Sur la base de contributions à des forums en ligne de protection des consommateurs, Heise estime qu’il s’agit vraisemblablement là d’un commerce florissant. En effet, la perspective d’entendre étaler devant un tribunal et associés à son nom les titres évocateurs de films pornographiques téléchargés sur des sites de partage de fichiers a de quoi faire réfléchir à deux fois l’internaute tenté de refuser de payer.
Dans ce cas, pourquoi le cabinet de Ratisbonne cherche-t-il à se défaire de ce portefeuille potentiellement très lucratif ? Heise n’a pas obtenu de réponse de la part des avocats, mais a découvert que ceux-ci n’intervenaient eux-mêmes que comme intermédiaires et que les constats d’infraction avaient été dûment effectués sous forme d’actes notariés.

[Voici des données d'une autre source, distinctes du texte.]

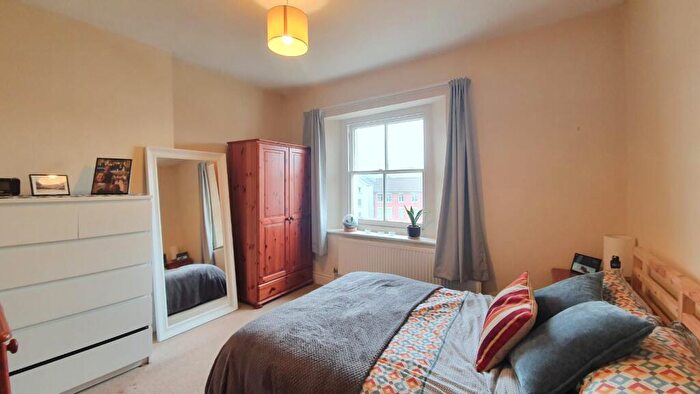 2 Bedroom Flat To Rent In Abbotsford Road, Redland, Bristol, BS6
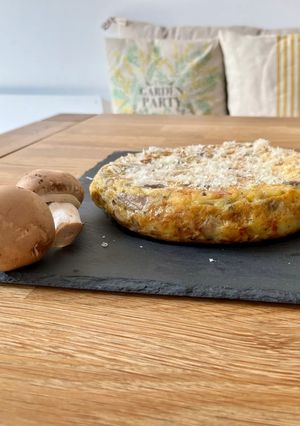 Una foto de Tortilla de trufa y setas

C’est donc tout un petit commerce profitable qui s’est construit au fil des ans autour du partage de fichiers pornographiques, jouant sur la crainte de pères de famille respectables d’être pris non seulement en flagrant délit de piratage sur Internet, mais, qui plus est, de voir leur respectabilité écornée sur la place publique en raison du contenu des « œuvres » téléchargées.

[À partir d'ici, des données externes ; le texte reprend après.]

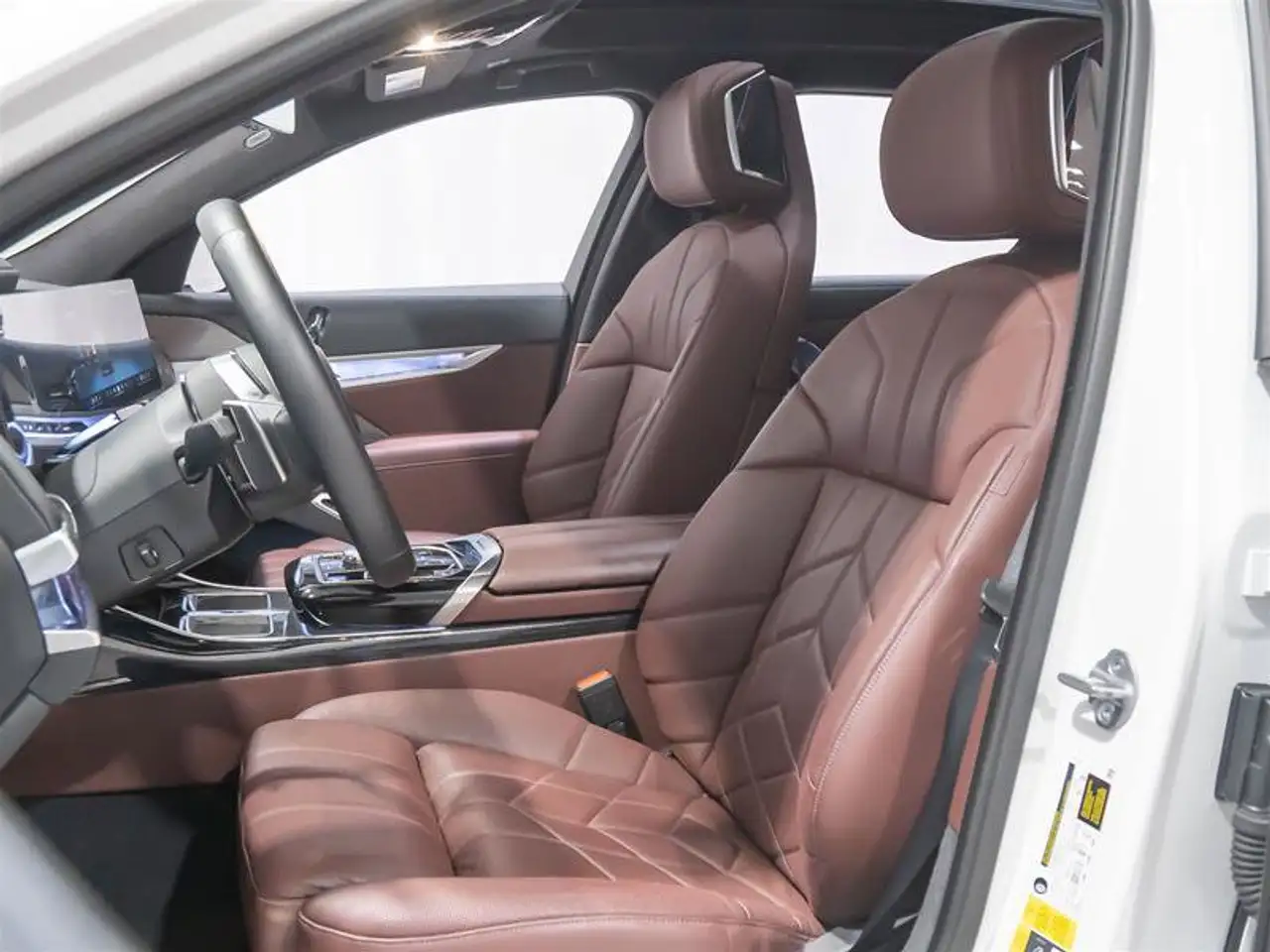 BMW i7 - Image 8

Les commentateurs sur le forum de Heise font valoir que ni un cabinet d’avocats comme Urmann+Collegen ni les officines associées n’ont évidemment le temps, même en l’espace de deux ans, d’enquêter sérieusement sur les infractions reprochées aux 70 000 internautes concernés et d’étayer les accusations de piratage. Pour parvenir à ces chiffres, ces juristes et leurs auxiliaires se seront nécessairement appuyés sur des méthodes à la hussarde, associant superficiellement une adresse IP à un trafic de partage de fichiers de type torrent et générant automatiquement des lettres d’intimation. Des méthodes qui n’auraient que peu de chances d’aboutir à une condamnation devant un tribunal si la personne incriminée prenait la peine de disputer les faits et de mettre en question les méthodes utilisées par les avocats. Il apparaît que ce petit commerce parvient à être rentable surtout grâce au respect de l’autorité, dont on sait à quel point il fait partie intégrante de la société allemande. Ce business-model frisant l’extorsion, connu en Allemagne sous le nom Abmahnwahn, ne serait donc pas transposable tel quel dans d’autres sociétés moins imprégnées du sens de l’autorité.

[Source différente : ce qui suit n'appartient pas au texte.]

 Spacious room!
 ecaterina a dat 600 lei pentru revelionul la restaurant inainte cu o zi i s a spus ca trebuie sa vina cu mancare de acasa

Sur quelle base légale s’appuient d’ailleurs ces cabinets d’avocats pour fouiner dans les connexions privées, couvertes a priori, et sauf autorisation expresse d’un juge, par le secret de la correspondance ? Et quelle norme invoquent-ils pour incriminer le détenteur d’un accès à Internet, alors que des voisins indélicats ont pu se servir de sa connexion à son insu ? Paradoxalement, c’est aussi en Allemagne que les normes de protection de la sphère privée sont en principe les plus à même de protéger les internautes contre ce type de racket.